→ **Material for this task**:

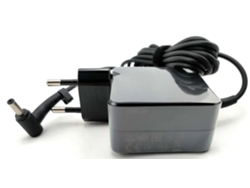 Adaptador Ac 45w 19v 2 Pines Para Portátiles Asus 0a001-00699800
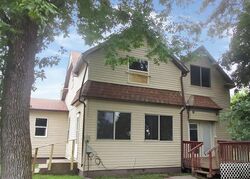 Foreclosure in  230th St Flandreau, SD 57028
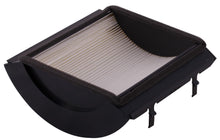 Cargar imagen en el visor de la galería, Filtro Cabina Interfil Cfi-1910 - Mi Refacción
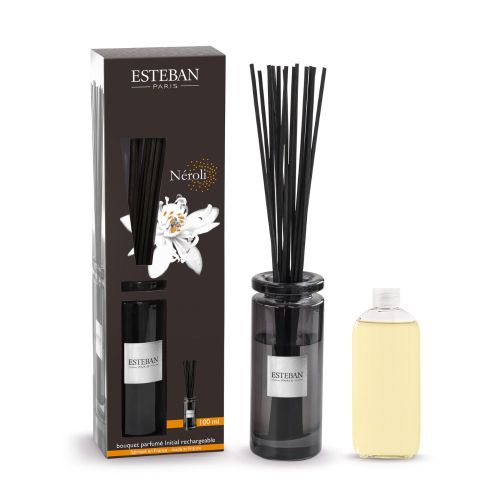 Difusor Mikado Ellipse Neroli 100ml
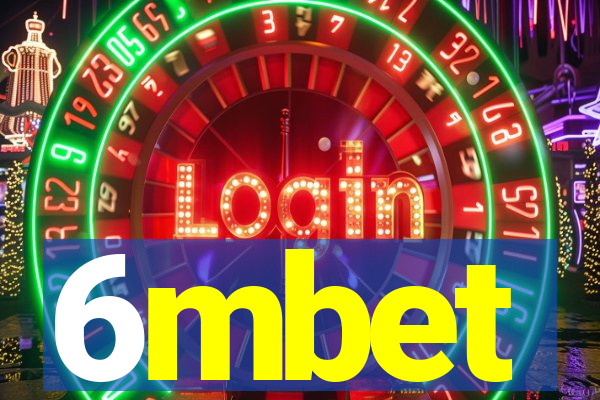 6mbet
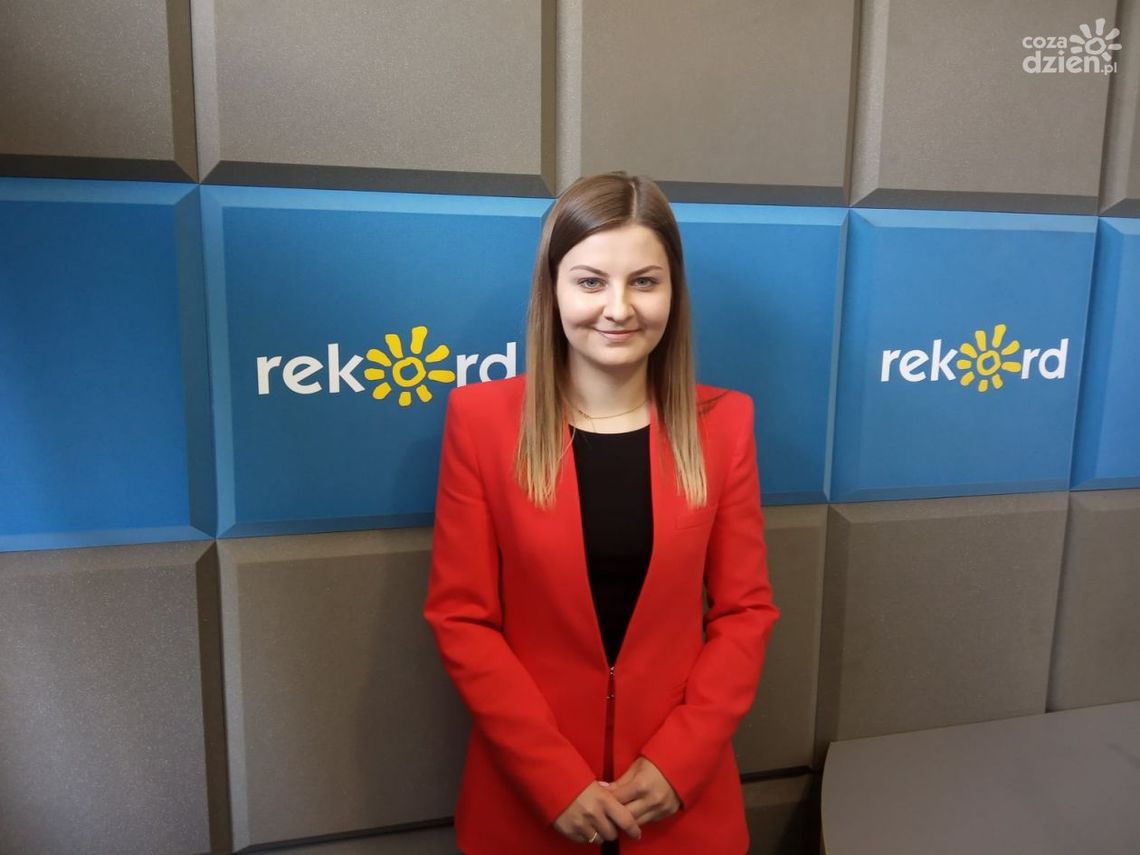 Paulina Bakalarska: Za nami udany sezon wakacyjny, a przed nami ciekawe propozycje na tegoroczną jesień Paulina Bakalarska: Za nami udany sezon wakacyjny, a przed nami ciekawe propozycje na tegoroczną jesień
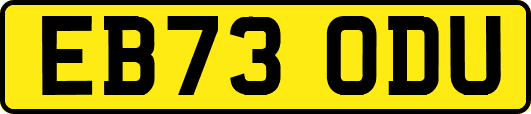 EB73ODU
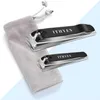 Set de coupe-ongles en acier inoxydable pour ongles épais, Voir les images du produit 7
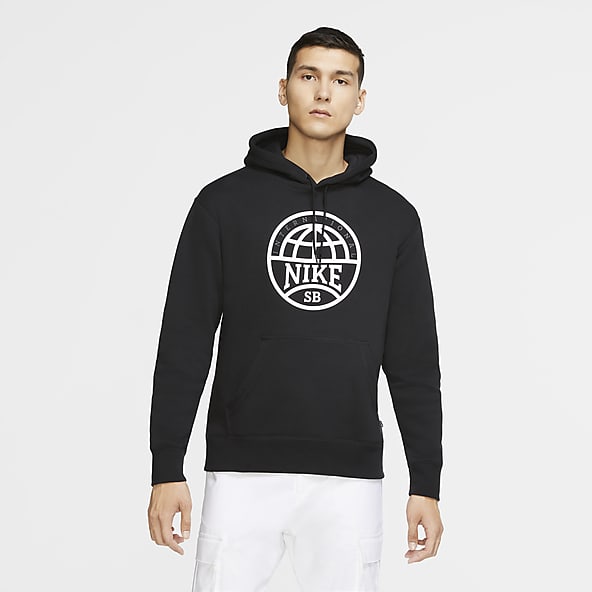 skate hoodies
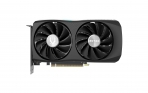 Zotac Gaming GeForce RTX 4070 Twin Edge 12GB (ZT-D40700E-10M)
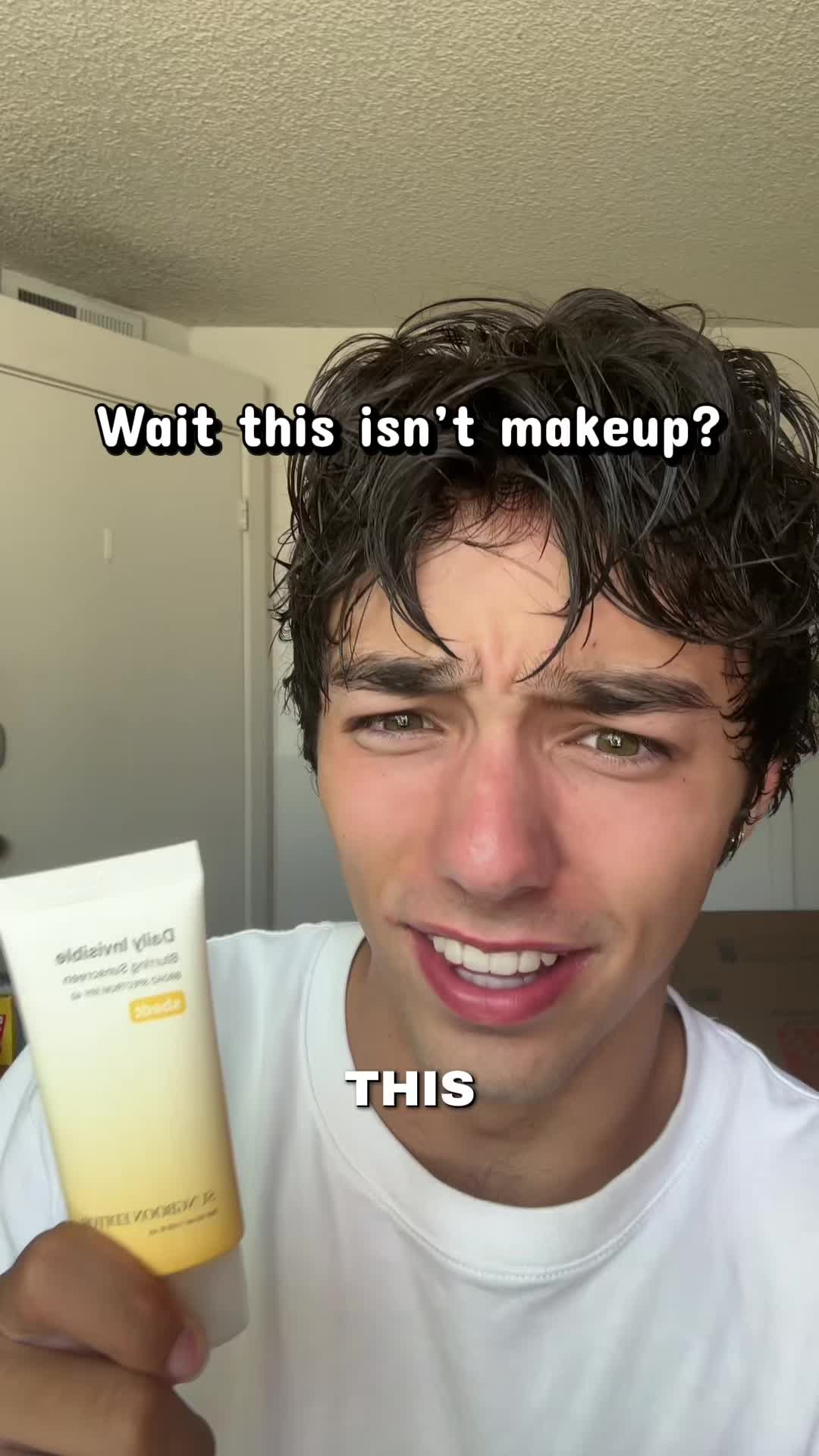 @nate.gallardo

→ **Exercise objective**: Pictures in the records above should not be copied. Repeat everything else exactly.

→ **Written response**:
 Adaptador Ac 45w 19v 2 Pines Para Portátiles Asus 0a001-00699800
 Foreclosure in  230th St Flandreau, SD 57028
 Cargar imagen en el visor de la galería, Filtro Cabina Interfil Cfi-1910 - Mi Refacción
 Difusor Mikado Ellipse Neroli 100ml
 6mbet
 Paulina Bakalarska: Za nami udany sezon wakacyjny, a przed nami ciekawe propozycje na tegoroczną jesień Paulina Bakalarska: Za nami udany sezon wakacyjny, a przed nami ciekawe propozycje na tegoroczną jesień
 EB73ODU
 Set de coupe-ongles en acier inoxydable pour ongles épais, Voir les images du produit 7
 skate hoodies
 Zotac Gaming GeForce RTX 4070 Twin Edge 12GB (ZT-D40700E-10M)
 @nate.gallardo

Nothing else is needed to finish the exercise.